Patient marketers and industry commentators talk an awful lot about the “empowered” consumer. They are, of course, referring to the way that the digital transformation of the media landscape has equipped consumers with the tools to drive the healthcare dialogue, undertake their own investigations and make their own, informed choices. It seems the patient is the one that “will see you now.”
Empowered? Yes, certainly. But not necessarily educated.
The problem with navigating today's media landscape is that there is just so much noise to contend with. To make the transition from “empowered” to “educated,” healthcare consumers must become adept at a few fundamental instincts: the ability to red-flag political agendas, question mainstream hyperbola and disregard swathes of misinformation.
There have been some interesting additions to that noise, recently.
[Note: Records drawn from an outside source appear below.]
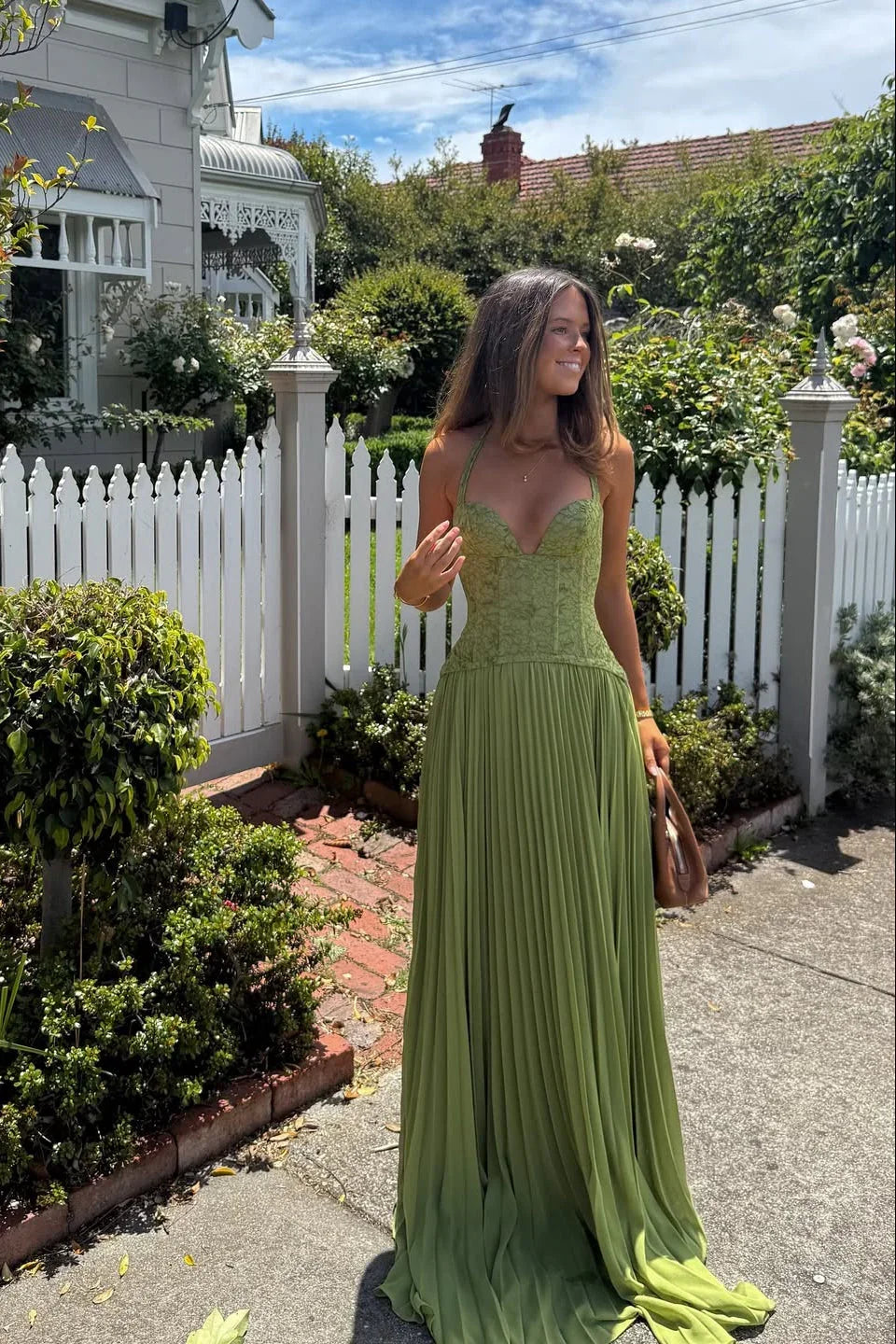 Green Corset Pleated Maxi Dress – lifestyle front view by a white picket fence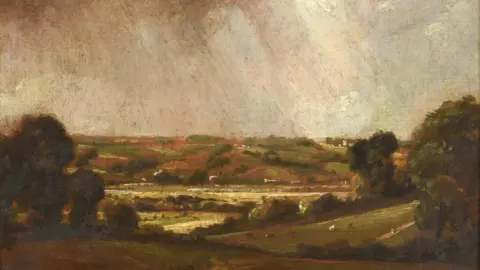 Tennants Auctioneers Dedham Vale looking towards Langham, is a sketch of a landscape from a distance the colours dark brown and green. Some red in the hills in the distance, there is light coming down through the clouds at the top of the picture. 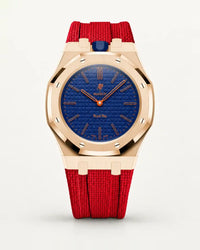 Cinturino effetto tessuto rosso per AP x Swatch Royal Pop Orenji Hachi, cassa oro rosa (corona a ore 12)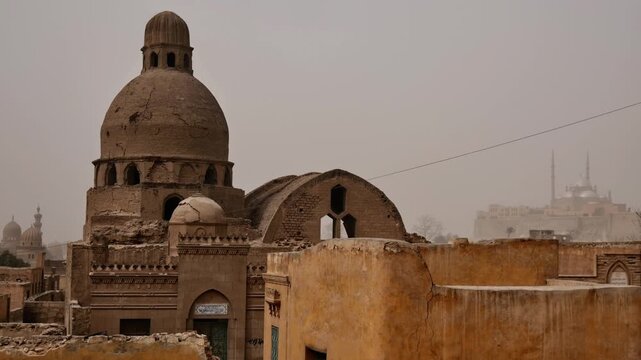 Dusty panoramic view over Cairo City of the Dead necropolis, Egypt, historic Islamic mausoleum domes rising above palm trees and crumbling brick tomb buildings in sandstorm haze.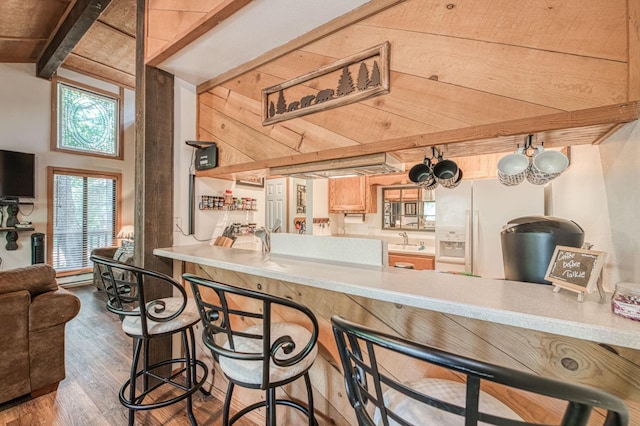 40904 Mill Run Ln Unit 60, Shaver Lake, CA 93664 - kitchen with wood finished floors, light countertops, a peninsula, and white refrigerator with ice dispenser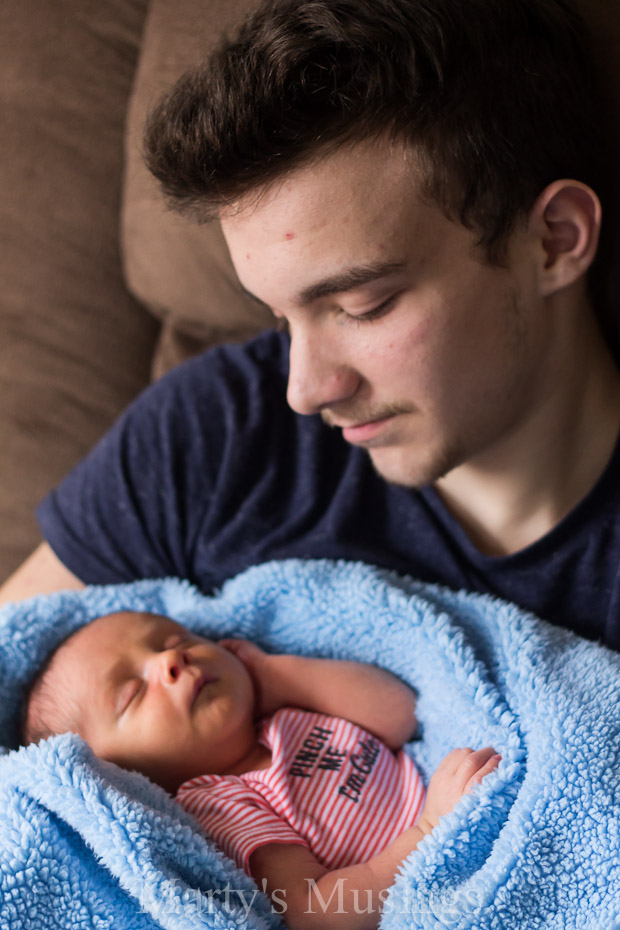 A man holding a baby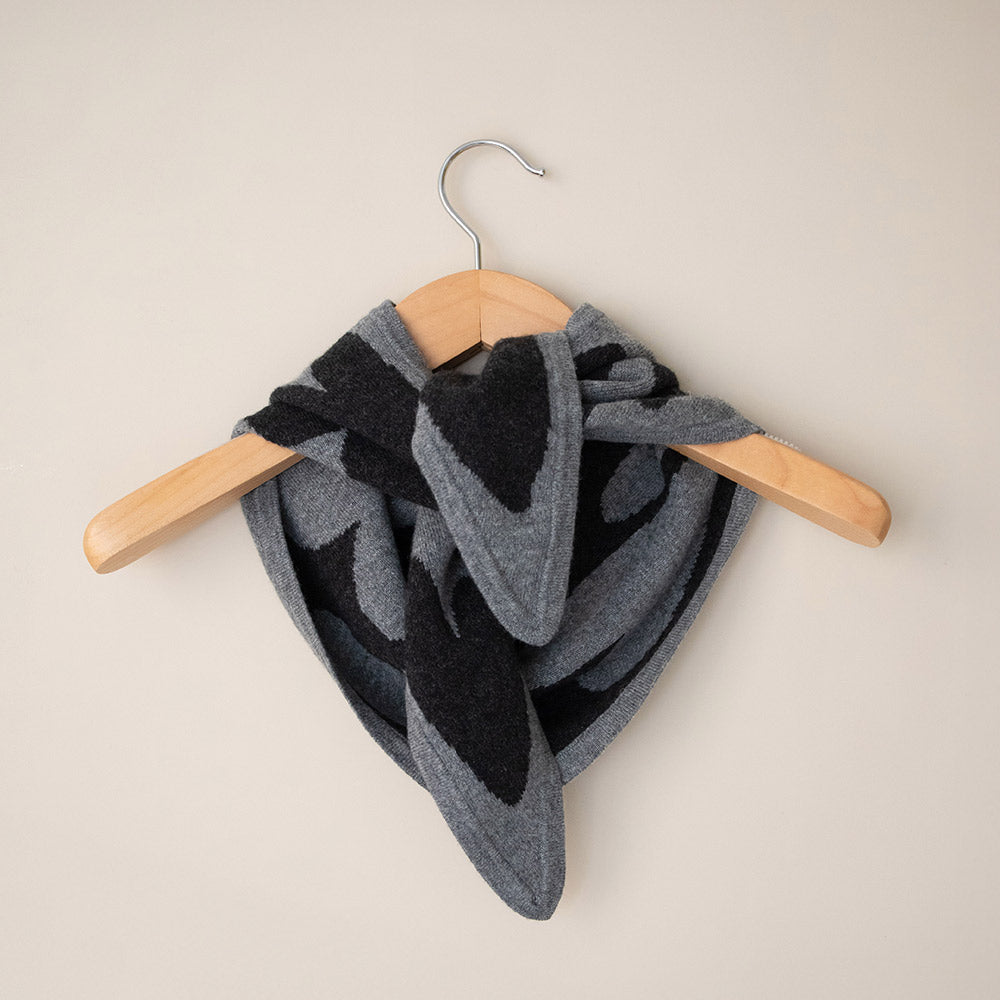 women's cashmere triangle scarf in light grey with dark grey hearts design on a coat hanger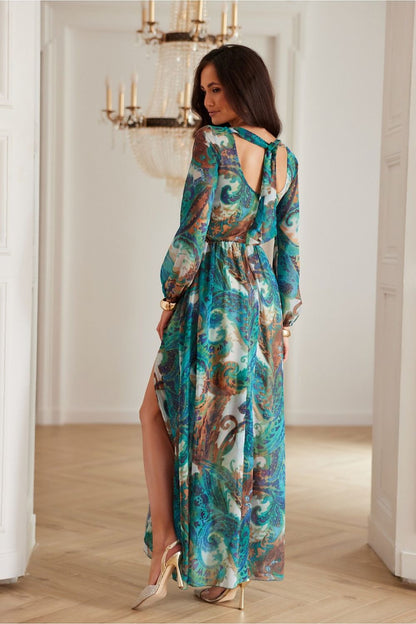 Model wearing the Alessia Maxi Chiffon Cocktail Dress by Roco Fashion in a stylish autumn-inspired colour, ideal for elegant events or gatherings.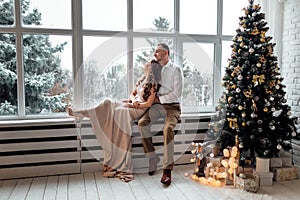 Couple in love in festive clothers sitting and hugging near the large window and Christmas tree in decorated studio. happy holiday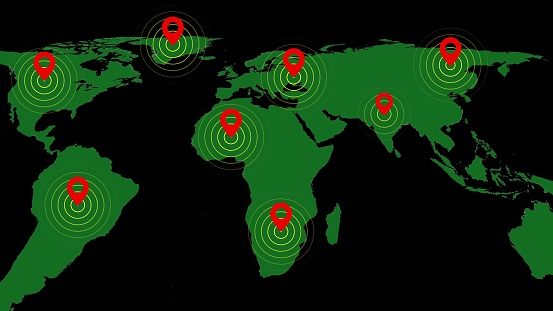 World map with red location markers indicating global hotspots or points of interest on a dark background.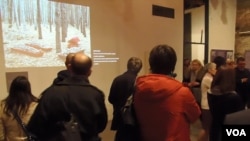 参观者观看关于一处集体墓葬地的图片。（美国之音白桦拍摄）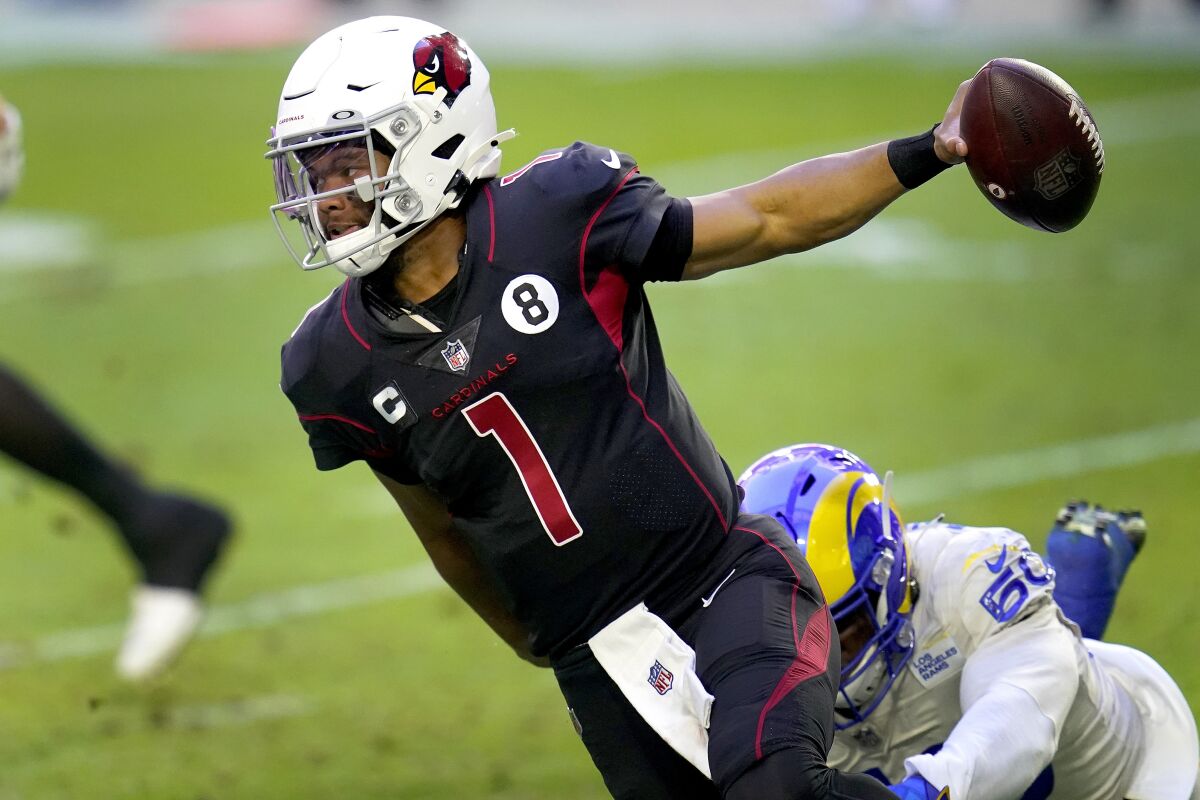 Arizona Cardinals quarterback Kyler Murray (1) eludes the reach of Los Angeles Rams outside linebacker Samson Ebukam (50) during the first half of an NFL football game, Sunday, Dec. 6, 2020, in Glendale, Ariz. (AP Photo/Ross D. Franklin)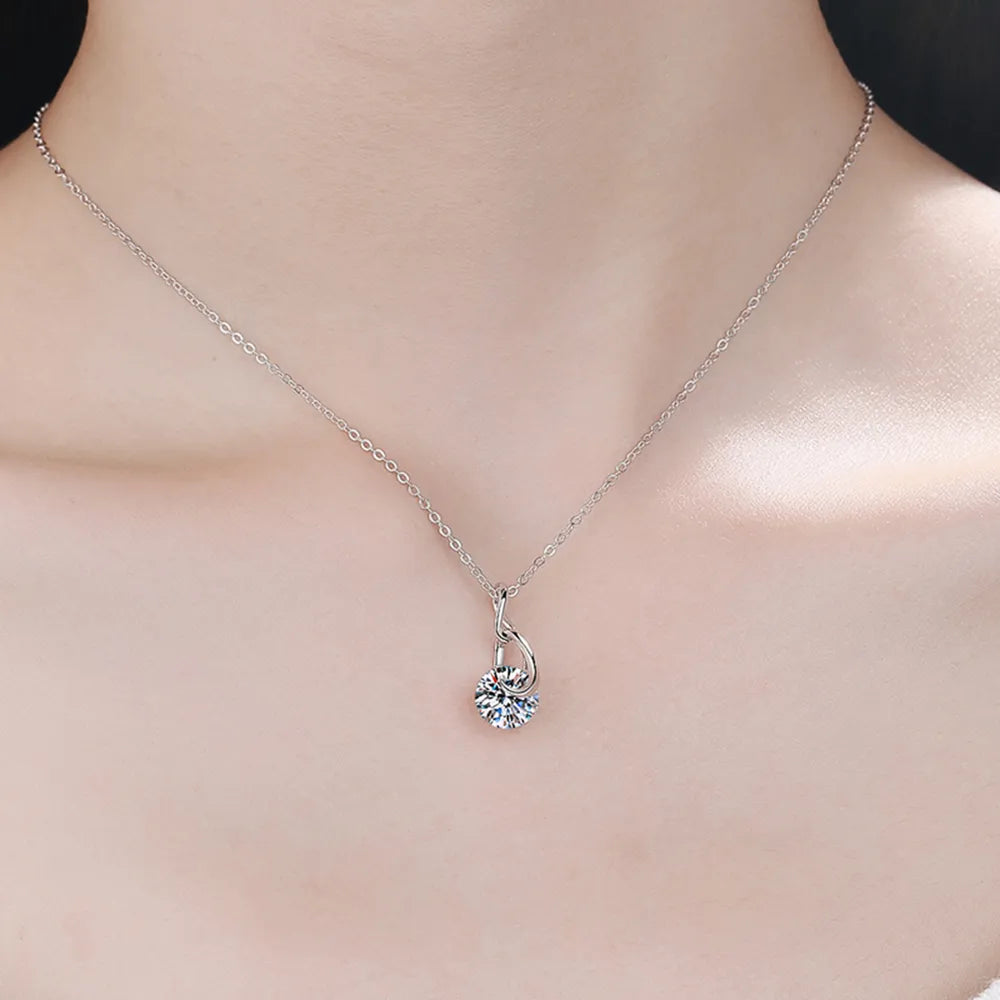 2 carat moissanite necklace in a high-polish 925 sterling silver solitaire setting.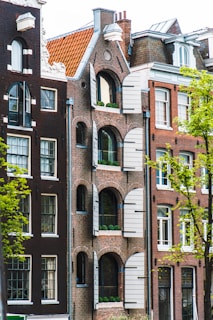 A row of traditional European-style buildings with intricate brickwork features arched windows with white shutters. The structures have a distinct architectural style, with elements such as steep, gabled roofs and decorative facade details. The scene includes a tree in the foreground with green leaves, suggesting a vibrant and lively atmosphere.
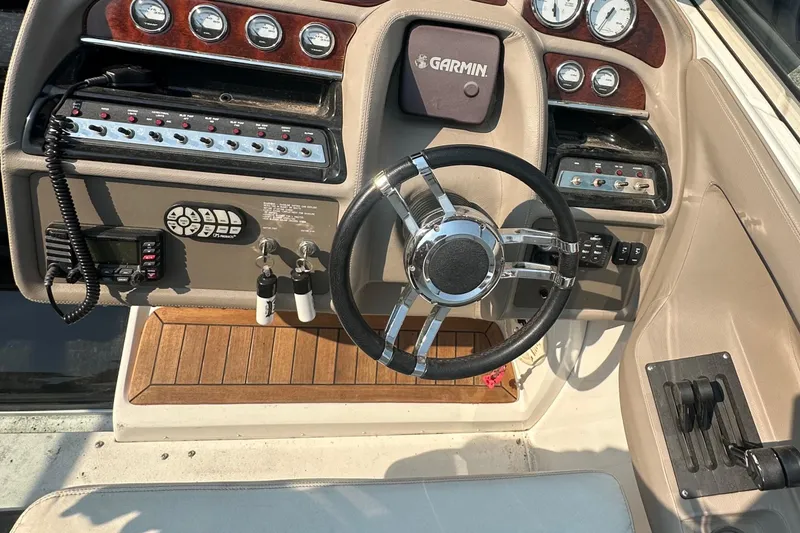 Slide: The Image of Dashboard of a 2006 Cobalt 323 boat with steering wheel and Garmin navigation system. - 4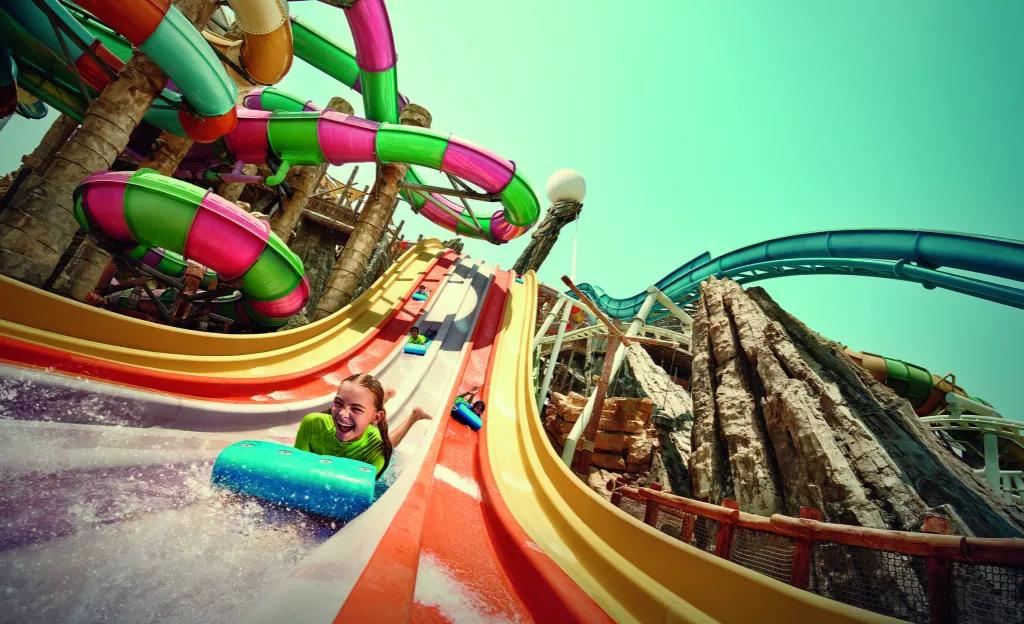 A huge pink and green stripey waterslide to the left, a large steep blue waterslide to the right and down the centre there is a racing waterslide where kids lay on stomachs on mats down small hills. There is a little girl winning, smiling with joy.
First up, a study by researchers at Harvard and the University of Alberta, published online by the British Medical Journal, cast doubts over the effectiveness of DTC. The study tested the effect of commercials for Zelnorm, Enbrel and Nasonex on Canadian viewers, via the US TV channels they received.
One of its researchers, Stephen Soumerai, embellished the findings, telling the Wall Street Journal that DTC is “a lousy way to influence prescribing.”
And the media just loves stories that knock drug ads. “The maddening thing about this study and the amazing amount of press coverage it received—with virtually no editorial challenge—is the fact that the study design is so irrelevant, it is laughable,” wrote Frank Hone in a comment to the WSJ Health Blog. “How does a comparison of two Canadian provinces that happen to get some US TV programming spillover relate to the effectiveness of DTC in the US? I'm sure the folks at Harvard do great things for healthcare in the US, but this Quebec quackery is not one of them.” Quite.
Much more honorable additions to the health information din included separate efforts by the FDA and by Pfizer to educate consumers on drug risks. The FDA began posting to its website a list of drugs whose safety is under investigation—carefully pointing out that being on the list does not necessarily make a drug unsafe. “The risk is that people will read more into this than what it is,” said Paul Seligman of the agency's CDER, about the first 20 drugs named. I might add that some manufacturers are likely freaking out more than those patients.
Pfizer, for its part, unveiled a range of interactive tools and tutorials to educate consumers about drug safety and help them make better decisions about treatment options—garnering praise from patient safety advocates.
For pharma marketers, the challenge is to somehow rise above the noise, good and bad, with a credible voice. They must find these people, right where (and when) they are looking, engage them, offer them value, information and tools—perhaps even help them to overcome a stigma—and eventually help them to make a behavioral change, or at the very least a visit to the doctor, which will ultimately benefit both their well-being and the brand. You can read about some of these tactics in the Patient Marketing Report on page 38.
Before you receive your next issue, both the MM&M Awards and the presidential election will be over. I hope you are happy with the results. More importantly, I hope you make it through both of those nights.